(POSTPONED) "An Unavoidable Death and Archival Offering in Haiti" with Grace L. Sanders Johnson

Thursday, April 16, 2020 - 12:00pm to 1:30pm

Fisher-Bennett Hall, Suite 345

This location is ADA accessible

This work-in-progress uses the archive of  Haitian women’s “miscellaneous” and “unavoidable” deaths under the United States occupation (1915-1934) to trace how Haitian exceptionalism is articulated through the banal capture and cataloguing of women’s lives. Taking Michel-Rolph Trouillot’s canonical essay “The Odd and the Ordinary” as a conceptual point of departure, this work-in-progress pivots around the “unavoidable” killing of nineteen year old Extrea Jean Gilles by US military officials to witness Haitian women’s refusal, gest, and invitation to play with their entry into the archive.  With a focus on the death space and occupation landscape—roads, bridges, railways—this work reconfigures the historical record of Extrea’s life and the lives that resonate with hers, and intervenes in the presumed teleology of her archive through the practice of offering.

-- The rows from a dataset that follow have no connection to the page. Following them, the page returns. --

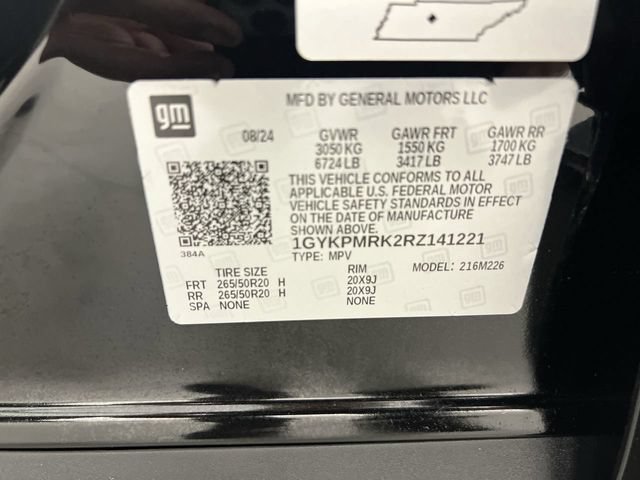 Certified 2024 Cadillac Lyriq Tech w/ Driver Assist Package RWD image 35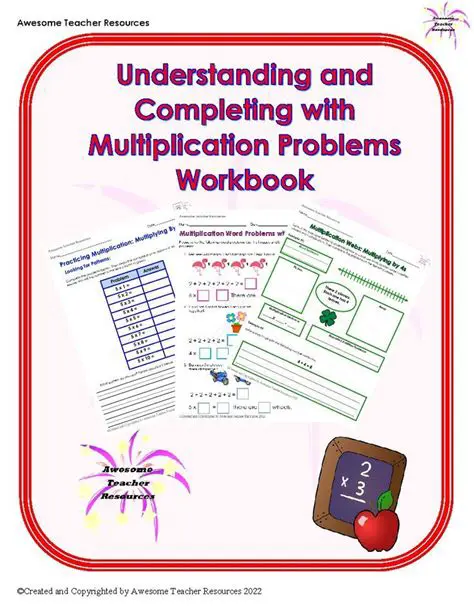 Completing the Multiplication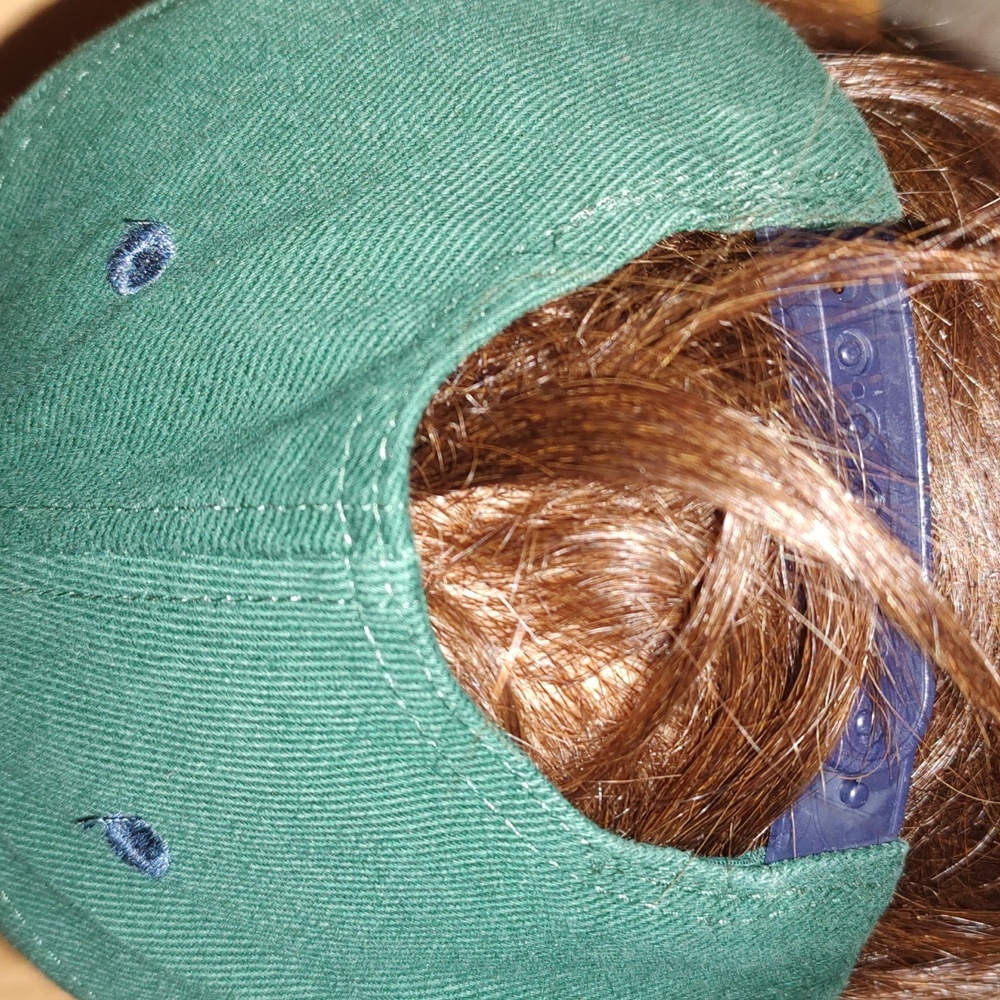 Vintage McDonalds Employee Snapback Hat Cap - Picture 5 of 10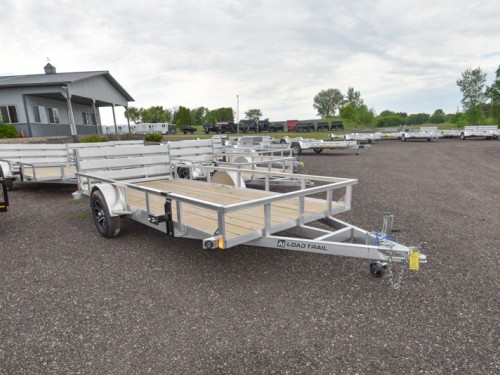 LTA 77"x14' Aluminum Utility Trailer Photo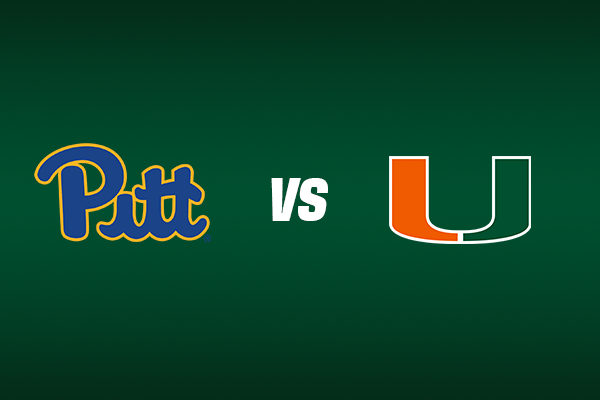 PITTSBURGH PANTHERS VS MIAMI HURRICANES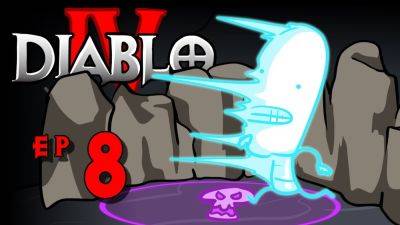 Мультсериал по Diablo 4 от Carbot Animations: эпизод 8 – «Нескончаемая потеря контроля» - noob-club.ru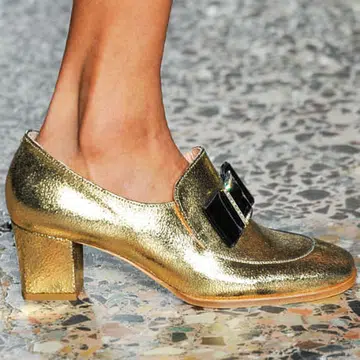 Singapore online shop metallic shoes trend for work THUMBNAIL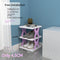 Morado 3 Capas Tipo X 1 Pieza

Grace L. Sanders Johnson is Assistant Professor of Africana Studies and GSWS affiliated faculty. She received her Ph.D. in History & Women’s Studies at the University of Michigan where she specialized in Modern Caribbean and Latin American History, Transnational Feminisms, Oral History, and African Diasporic Studies. Grace has been awarded fellowships from the Thomas J. Watson Foundation, the Andrew C. Mellon and Ford Foundations, the Canadian Embassy, and was recently awarded an Emerging Scholar Fellowship from the Haitian Studies Association for her dissertation La Voix des Femmes: Women’s Rights, National Politics, & Black Activism in Port-au-Prince and Montréal, 1934-1986. In addition to her study of twentieth century gender, sexuality, migration, and Haitian women's social and political organizing, Grace is currently collaborating with colleagues in Haiti and throughout the diaspora to establish a Haitian women’s oral history archive.